This study is among the first to examine the impact of patiromer on RAASi use in a large national, real-world pharmaco-epidemiological dataset. It is also the first study to compare the impact of high vs low patiromer adherence on RAASi utilization. This study of 13447 patiromer users found that RAASi use was significantly greater in patients whose patiromer adherence was high (PDC > 80%) than in patients whose patiromer adherence was lower (PDC ≤ 80%). Hyperkalemia management with patiromer was associated with significantly higher RAASi days supply and significantly higher RAASi PDC. Additionally, a greater proportion of patients adherent with patiromer reached the 80% ACEi, ARB, or MRA PDC threshold than patients with lower patiromer adherence.

In addition to our analysis of real-world post-approval data in a large, nationwide population, post hoc analysis of clinical trial data from small populations has indicated improved RAASi use in patients taking patiromer. In the OPAL-HK clinical trial, Weir et al[27] found that only 6% of patiromer users required discontinuation of RAASi, compared with 56% of patients taking a placebo. In a study of patients who were age 65 or older Weir et al[27] also found that 100% of patiromer users and 48% of those not taking patiromer were able to remain on RAASi therapy. Similar results were found for patients under age 65[39]. Another study found that in patients with and without HF, those taking patiromer were significantly more likely than patients taking a placebo to remain on guideline-recommended RAASi therapy[40]. RAASi use scores in the DIAMOND trial[30] were significantly higher in users of patiromer vs placebo.

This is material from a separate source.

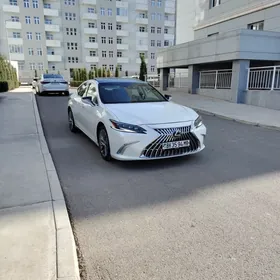 Lexus ES 350 2020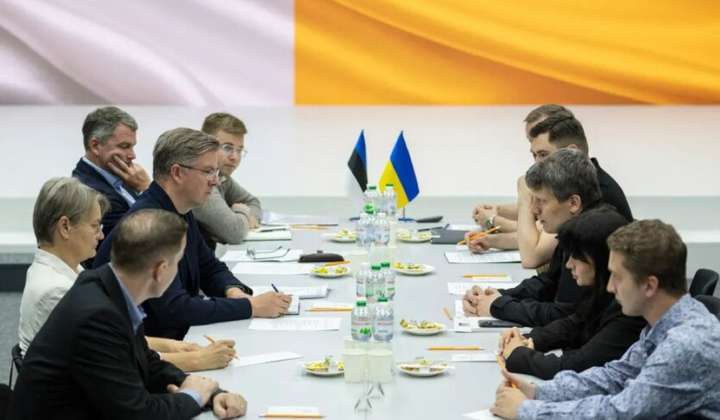 Українські військові тестують зброю в бойових умовах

These studies show that patiromer use is associated with better adherence to RAASi guidelines in clinical trials, but the implementation of guidelines in real-world practice settings has had wide gaps, particularly due to hyperkalemia[41]. Hyperkalemia results in an inability to initiate RAASi, premature discontinuation of RAASi therapy, RAASi non-adherence, and non-goal-directed RAASi dosing[16-24]. The gap between implementation of RAASi-guideline-adherent therapy in clinical trials and its implementation in real-world practice highlights the need for larger studies of the impact of patiromer and other potassium binders on RAASi adherence in patients with hyperkalemia from non-clinical-trial settings.

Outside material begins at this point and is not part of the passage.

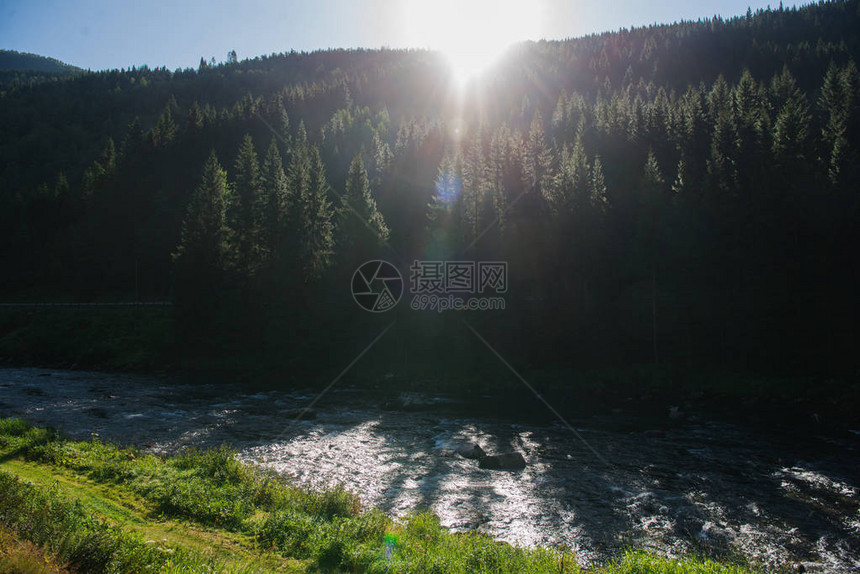 挪威NeirofjordGudvangen森林上山河和阳光照图片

Although it did not compare the impact of high potassium binder adherence vs low potassium binder adherence, a prior database study of RAASi use in 610 patients taking patiromer, sodium polystyrene sulfonate (another potassium binder), or no potassium binder found that 78% of patiromer users were able to continue RAASi therapy, while only 57% of sodium polystyrene sulfonate users and 57% of those not using potassium binders were able to continue RAASi therapy. Continuous patiromer use led to statistically significant reductions in hospital admissions and emergency department visits. There were no significant changes in these outcomes in the continuous sodium polystyrene sulfonate users, and there were significant increases in patients who did not use potassium binders[29].

The current study helps address the need for real-world analysis given its large population size (13477 patiromer patients), its nationwide setting, and by comparing RAASi use in patients with high vs low patiromer adherence. This real-world analysis helps fill the knowledge gap left by smaller studies and studies from clinical-trial settings.

Reducing hospital admissions, inpatient lengths of stay, and emergency department visits is important in a United States healthcare system that is improving patient care by shifting from a volume- and fee-for-service-based approach to a value-based care approach[33]. Value-based care is expected to improve patient health and satisfaction and reduce health care costs by incentivizing guideline-specific care via quality metrics, improving communication between care providers, fostering higher value care at lower cost, and promoting guideline-recommended medication adherence[42]. Particularly in chronic conditions, medication adherence is associated with better health outcomes and lower overall cost of care[32]. The medication adherence metric used in this study (PDC) is the industry-accepted measure of medication adherence by both insurance payors and value-based care organizations[32-34].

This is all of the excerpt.